Why Textract? Will it is better than your average PDF-to-text extractor. Textract uses Machine Learning (ML) and Optical Character Recognition (OCR).

Why CloudSearch? There is no specific reason other than making it easy to search. You can use many other databases like MySQL, Postgres, MongoDB, etc.

Start by cloning the Terraform repo that sets up all your resources.

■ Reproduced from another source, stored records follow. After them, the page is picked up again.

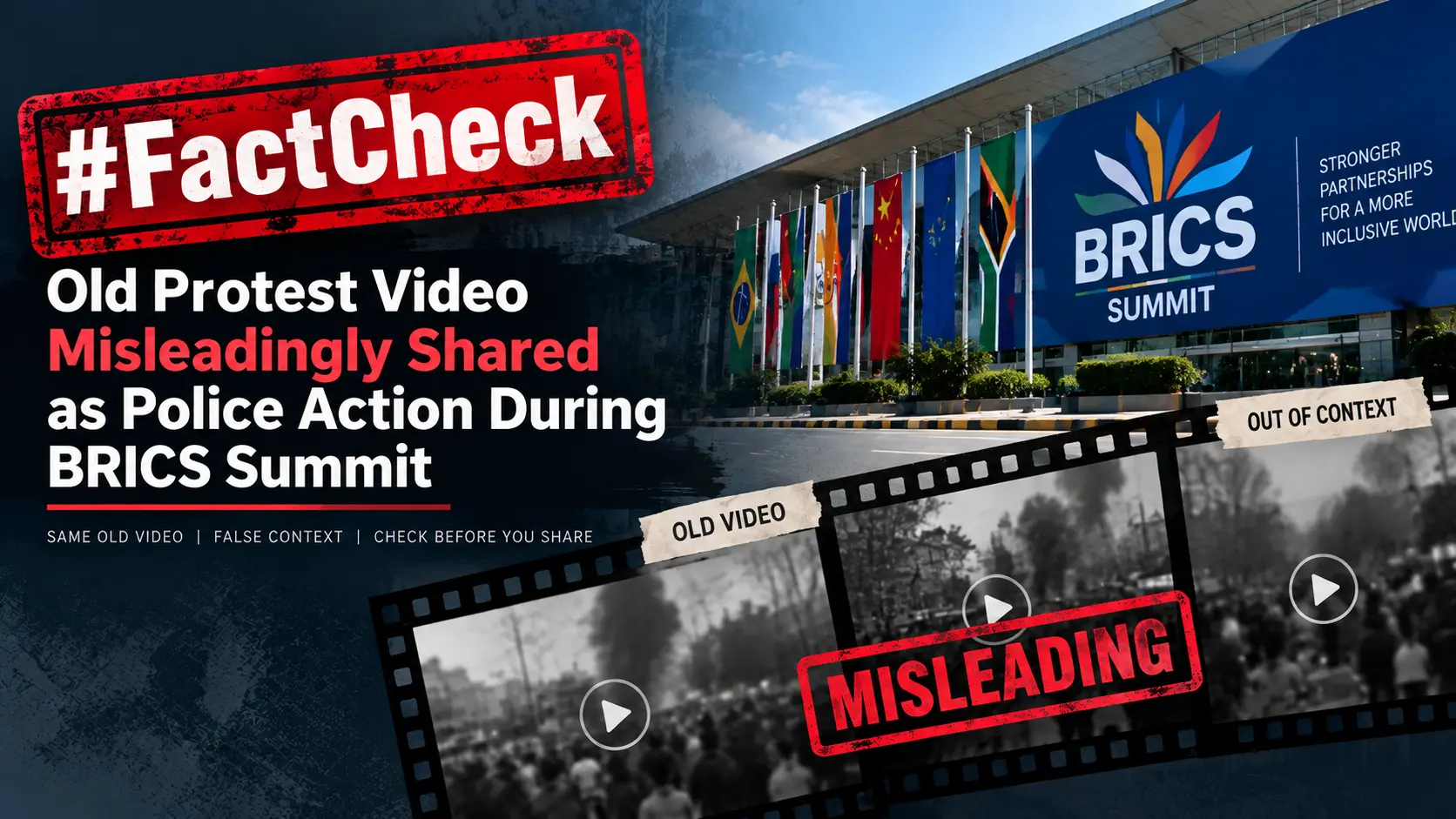 #FactCheck: Old Protest Video Misleadingly Shared as Police Action During BRICS Summit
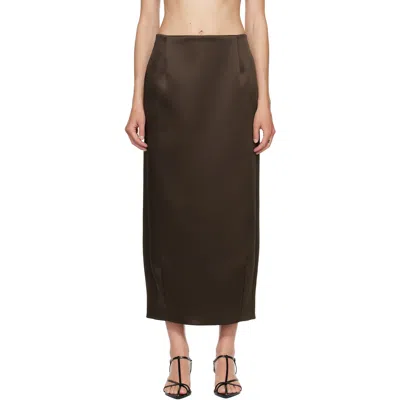 Rohe Brown Balloon Column Midi Skirt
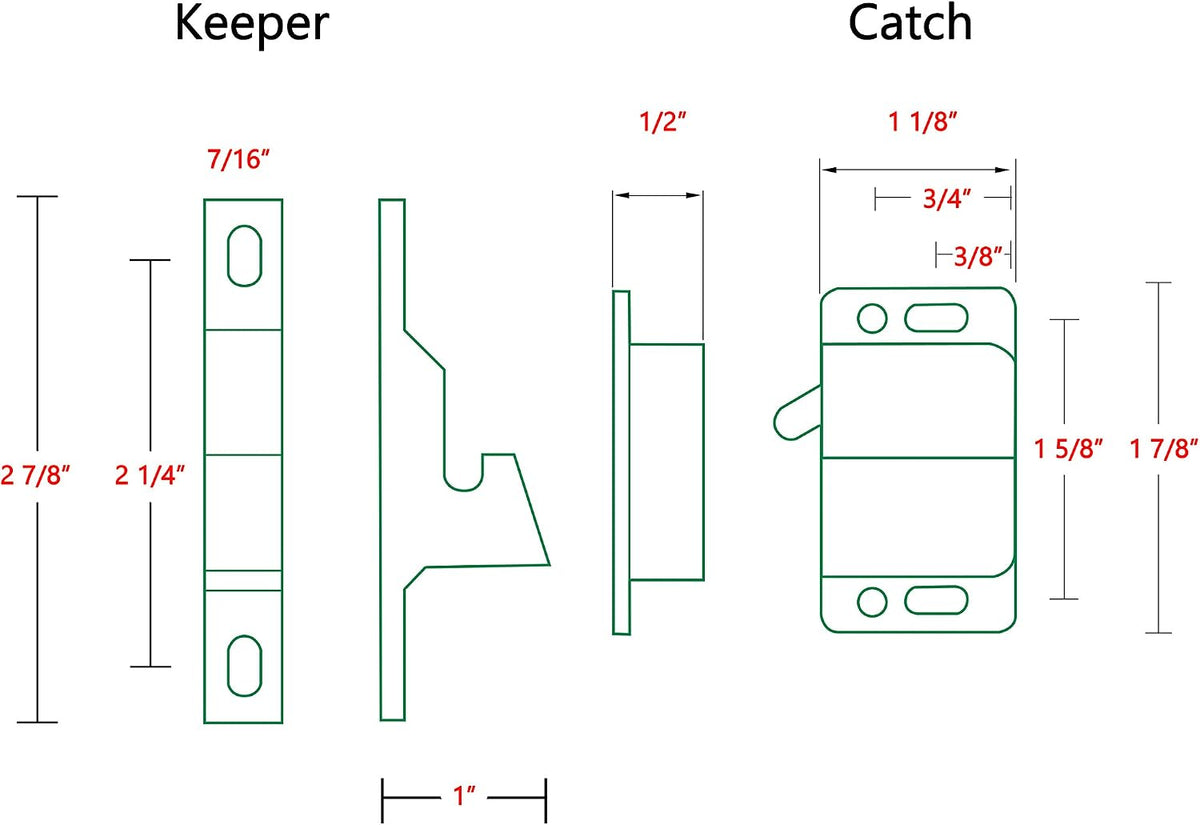 10 Pack RV Cabinet Door Latch - Easy to Install OEM RV Drawer Latches and Catches - Push Latch and Catch for Cabinets in Trailers and Motorhomes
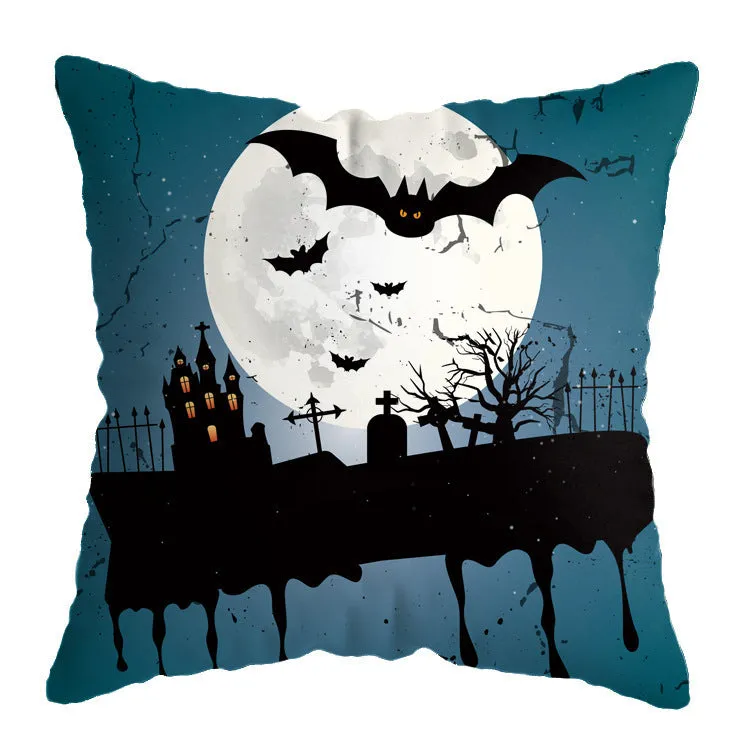 Linen skull Halloween pillow cover 45x45cm decorative throw pillow case on sofa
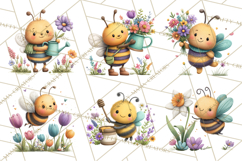 Spring Bee Clipart, Cute Bumblebee PNG, Watercolor Flowers Product Image 3
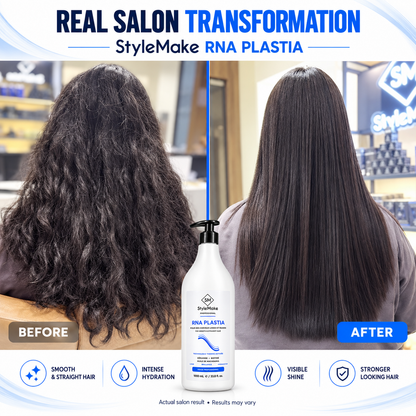 Real salon hair views showing textured dark hair beside a smooth, straight StyleMake RNA PLASTIA treatment result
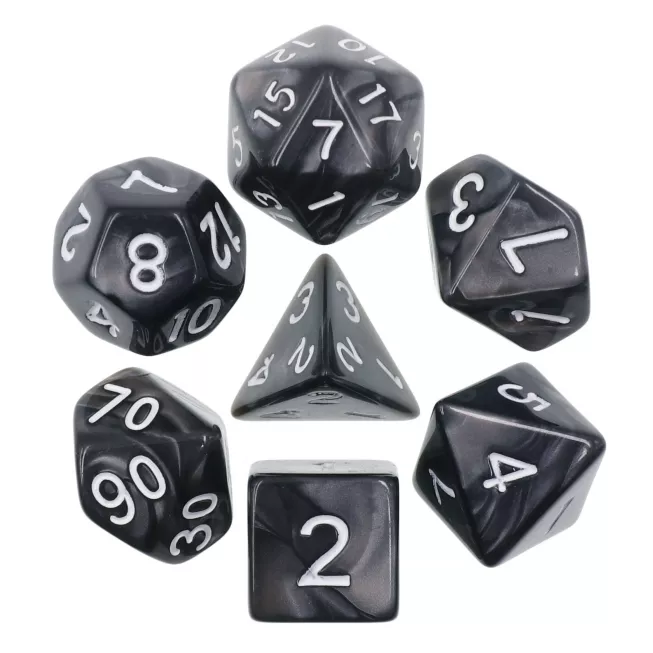 Набір кубиків Obsidian & White Polyhedral Dice Set: купити за кращою ціною в Україні
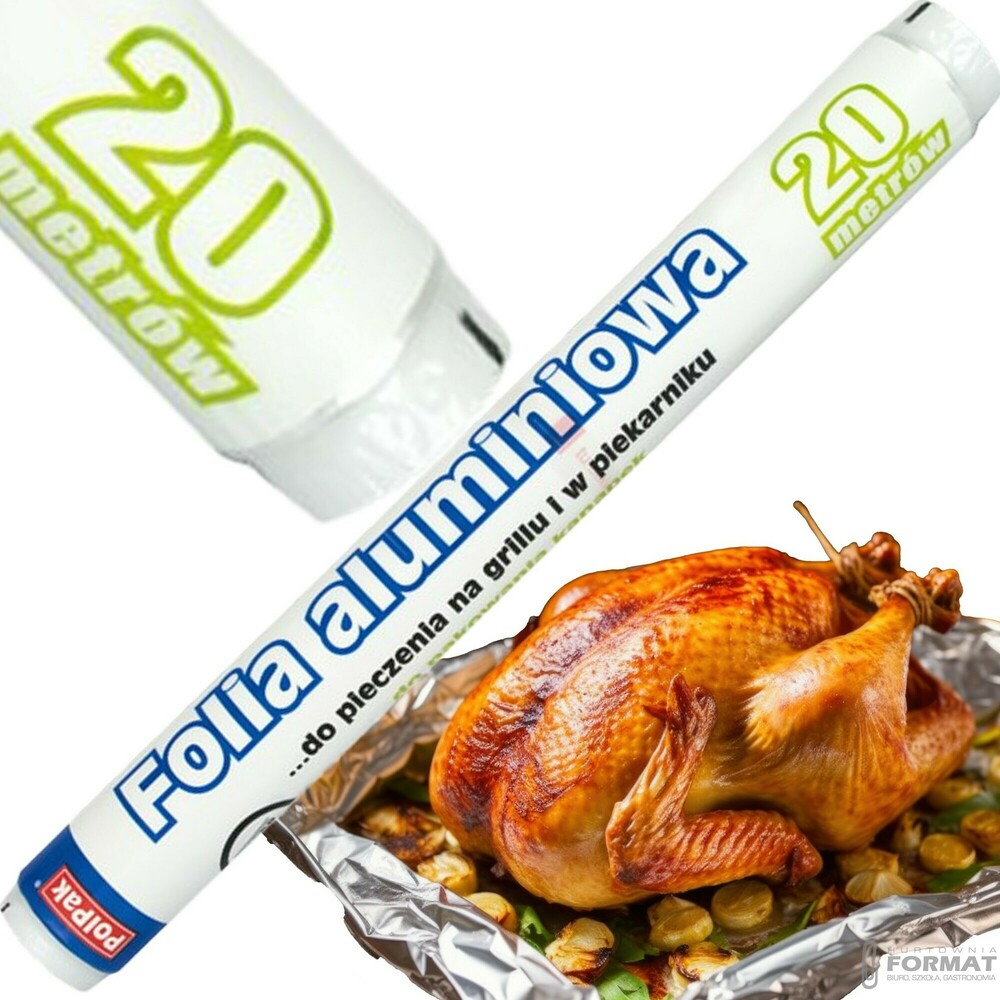 FOLIA ALUMINIOWA SPOŻYWCZA POLPAK 20m GASTRONOMICZNA GRUBA MOCNA 1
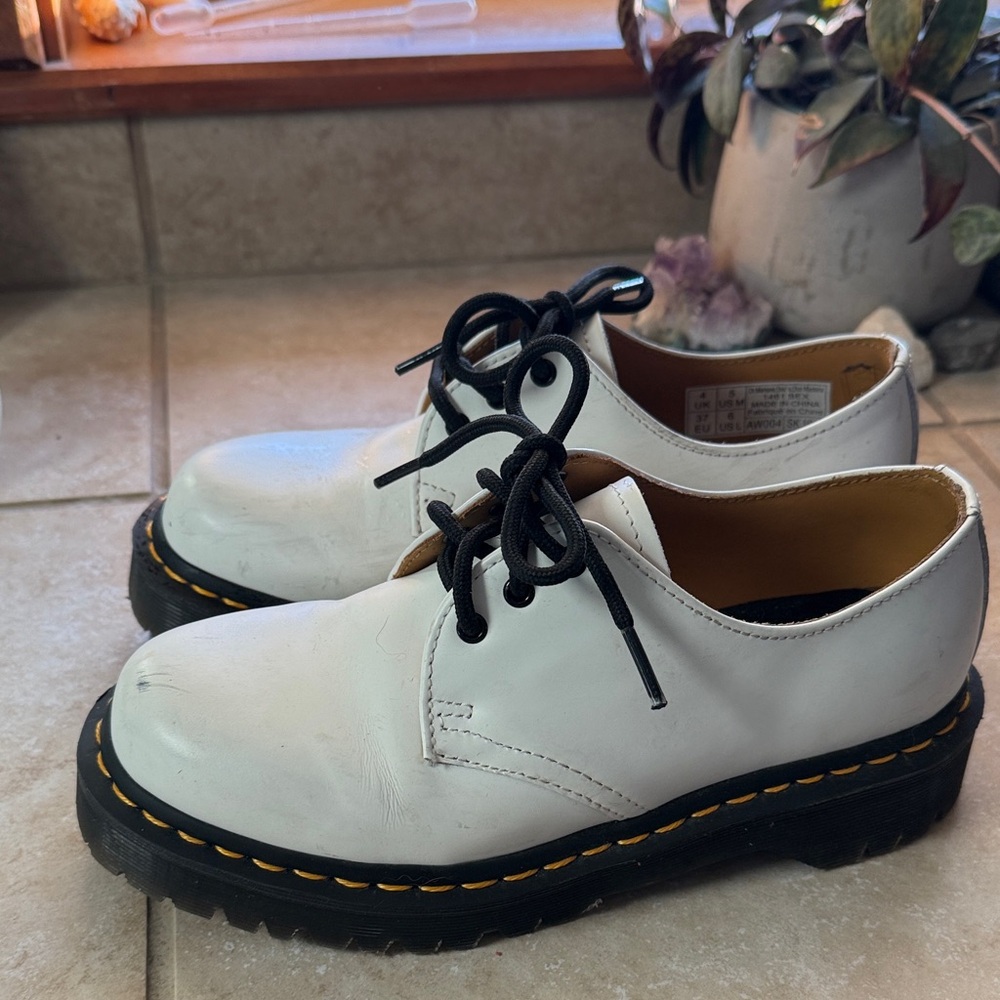 White Leather Dr. Martens - Picture 4 of 6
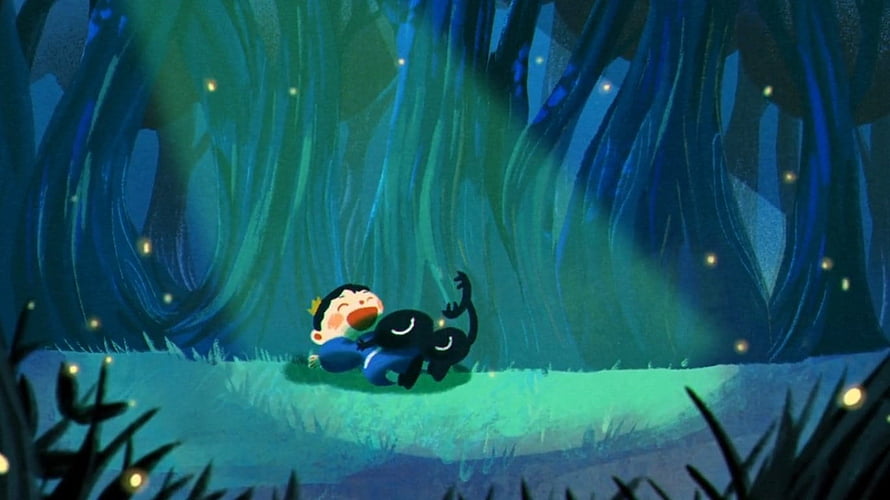 Ranking of Kings Anime Scene: Boy and Black Creature in Enchanted Forest HD wallpaper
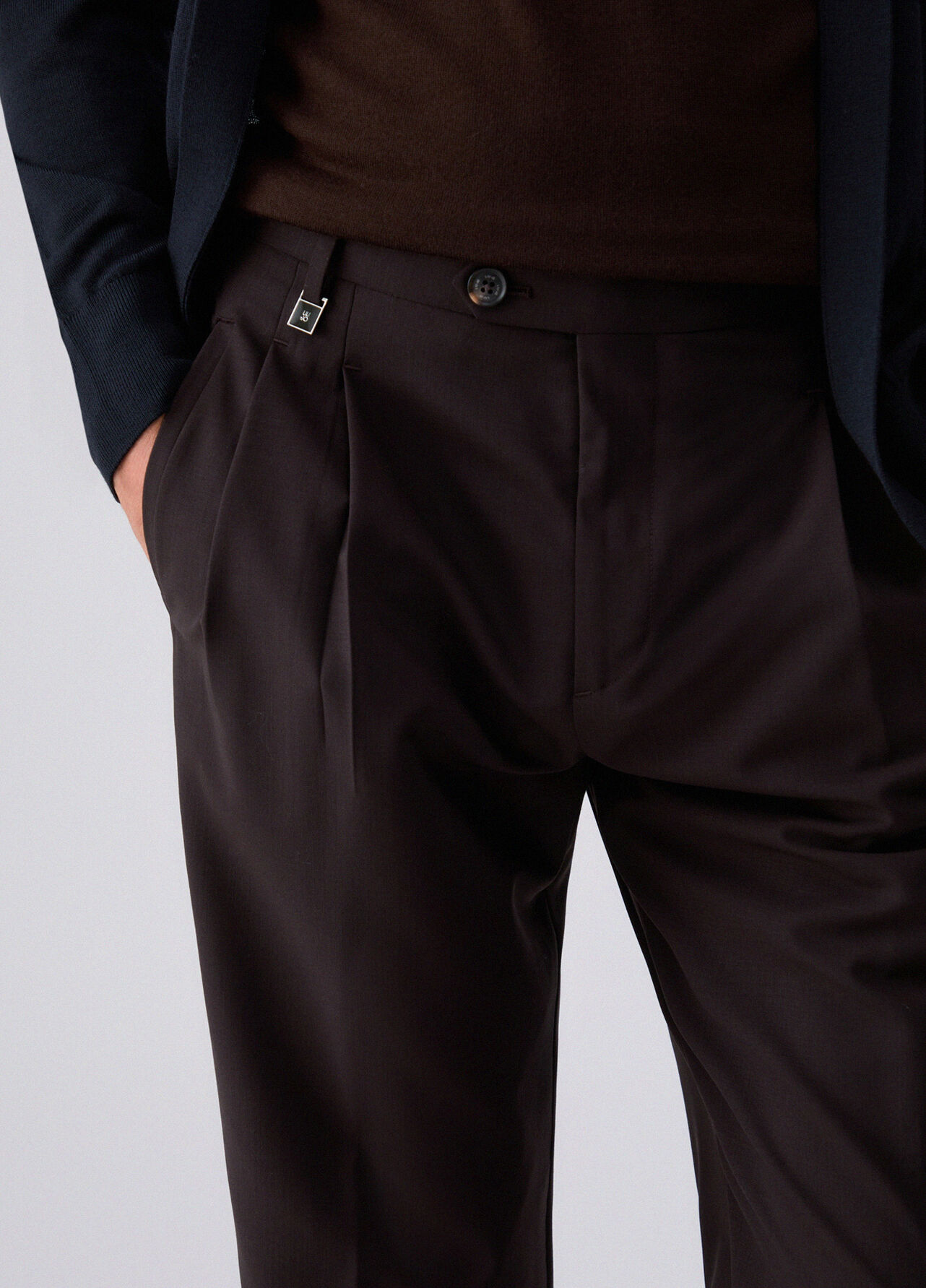Pantaloni chino in misto lana - BROWN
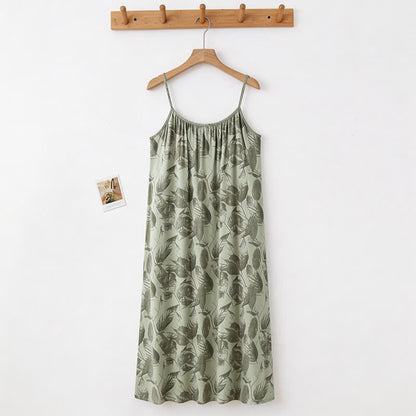 Künstlerisches grünes Blatt-Camisole-Nachthemd - image 4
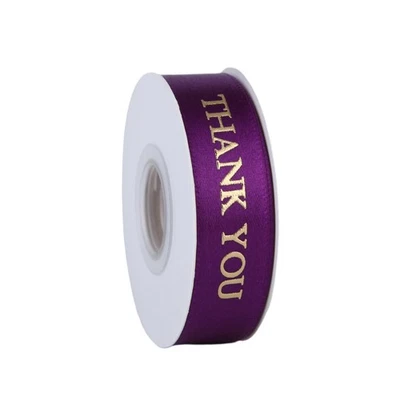 New Best 5/8 Inch 10-Yard Spool Violet and Gold Print Thank You Satin Ribbon for - Image 1 of 4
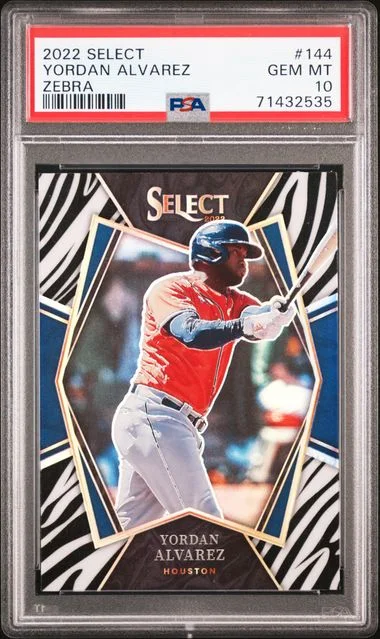 2022 Panini Select Yordan Alvarez Zebra #144 card image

git clone https://github.com/mahmoodr786/aws-pdf-search.git

cd aws-pdf-search

terraform init

terraform apply

The repo has no-nonsense straight-up Terraform with everything main.tf file. Update the file with your bucket name, or change names around. You will also find the Python code needed to aid the search and move extracted text from S3 to CloudSearch. Here is a basic diagram to help you understand flow visually.

NOTE: I’m using very open permission on the Terraform as this is just a POC and will be destroyed. Please adjust your IAM permission to the least privileges.

You start by uploading your PDFs in the S3 bucket in the pdfs folder/prefix. That will automatically trigger the Lambda function using S3 notification, and the Lambda will submit the PDF to AWS Textract. Once Textract is done, it will send a notification via SNS, which will trigger the same Lambda again, and the Python code will get all the files and lines of text from JSON files. Once it has all the text, it will be uploaded to CloudSearch. Finally, we use the same Lambda using function URL to search for PDFs that contain the keywords.

We are going to search for the keyword below from the Graviton2 Whitepaper.

https://u3gq2rmqwswz2kc6zjnzvqzz7y0uzbkm.lambda-url.us-east-1.on.aws/search?keyword=Review%20Ramp-up%20and

Once the Terraform is completed, you should see an S3 bucket create a prefix/folder called pdfs and begin uploading pdfs. The outputs folder is where Textract will dump the JSON files with text lines from PDF.